Monday, June 11, 2007

drama mama

not last week, but the week BEFORE last week i had a bit of a crisis which is still even now making my life more difficult than it needs to be.

so i have this client, and she is struggling. with the money. and with not having any of it. and right now she is on crutches. we had a session, and i took her a couple of places and at one of those places she got a donation of an air conditioner, which i lifted into my car by myself, narrowly avoiding crushing every bone in my body (but that isn't the crisis). we get back to her apartment, and she wants me to go upstairs and get her shopping cart out of her apartment (i know, everybody has a shopping cart, right? i have five of them in my living room for occasions just such as this one). i leave her in the car, and go get the shopping cart. it takes me quite some time. i come back, load the air conditioner into the shopping cart, send her on her way. then it occurs to me to check my purse to be sure everything that should be in the purse is in the purse. and everything is.

except my wallet. the wallet that has my life in it.

so i call julie.

julie: hello?
morgan: I THINK MY CLIENT JUST STOLE MY WALLET.
julie: oh dear.
morgan: I'M GOING TO HAVE A NERVOUS BREAKDOWN.
julie: let me look around here and make sure you didn't leave it.
***time passes***
julie: i've looked everywhere. it isn't here. i searched the whole house.
morgan: GOING TO KILL MYSELF.

so i call my supervisor, for some advice on how to navigate this somewhat tricky little situation. i go back to my client's apartment, and this time around i'm all, "oh, i think i might have dropped my wallet up here." blah blah blah, she says she hasn't seen it, i narrow my eyes suspiciously and growl, i leave her apartment and commence sobbing while i call both banks, cancel both debit cards, put stop payments on all my checks, file a police report, try to run myself over. i decide to give her one more chance to confess before the swat team arrives to knock down her door. i say: "are you sure you don't have my wallet? please tell me if you do. all the cards are cancelled and there is no cash, so it won't do you any good. give me back my wallet, you thief." (not really that last part, but i might as well have said that).

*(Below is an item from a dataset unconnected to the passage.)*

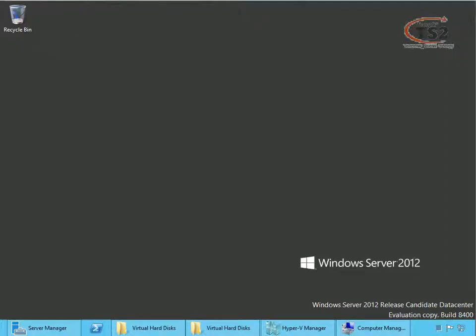Hello this is Rob Waggoner again and today I wanted to talk more about live migration and storage live migration. So what I'm going to talk about today is if you've seen my Windows Server 2012 share nothing live migration, this setup is going to look pretty familiar.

so back in the car i go, talking to julie on the phone about how dreadfully horrendously terrible it is going to be to replace everything in my wallet and what a tremendous pain in the ass it is going to be until i get my debit cards and checks in the mail (what am i supopsed to do during those 7 business days, bank man? write people i.o.u's? barter? STEAL?), and then julie says: "oh! i found your wallet!"

now clearly, i am overjoyed that my wallet was not stolen. and that conversation when i apologized to my client for practically throwing her in the clink with my own hands, well that conversation was SO much fun. and, since it has been 9 business days and i STILL don't have checks from one of my banks, the bank that has the account that i happen to be using to remodel a house, i'm pretty sure the government is going to investigate me because i keep going to the bank to withdraw very large sums of cash. like large enough to, say, install an hvac. or buy a lot of drugs.

oh, and two of those checks that i put stop payments on? i had already written them. it's pretty likely that i'm going to win some kind of customer appreciation award for awesomeness from the electric company. i hear they LOVE it when people pay their bills with hot checks.

1 comment:

Carol said...

I can't even tell you how many debit cards I've cancelled, because I was sure they were stollen- and they always turn up later, somewhere. My favorite part of the whole ordeal is remembering what companies have the card numbers for automated payments... and calling all those guys to change the number. That rocks. And then finding out that you forgot one, and the payment didn't go through, so you've been charged a fun little fee.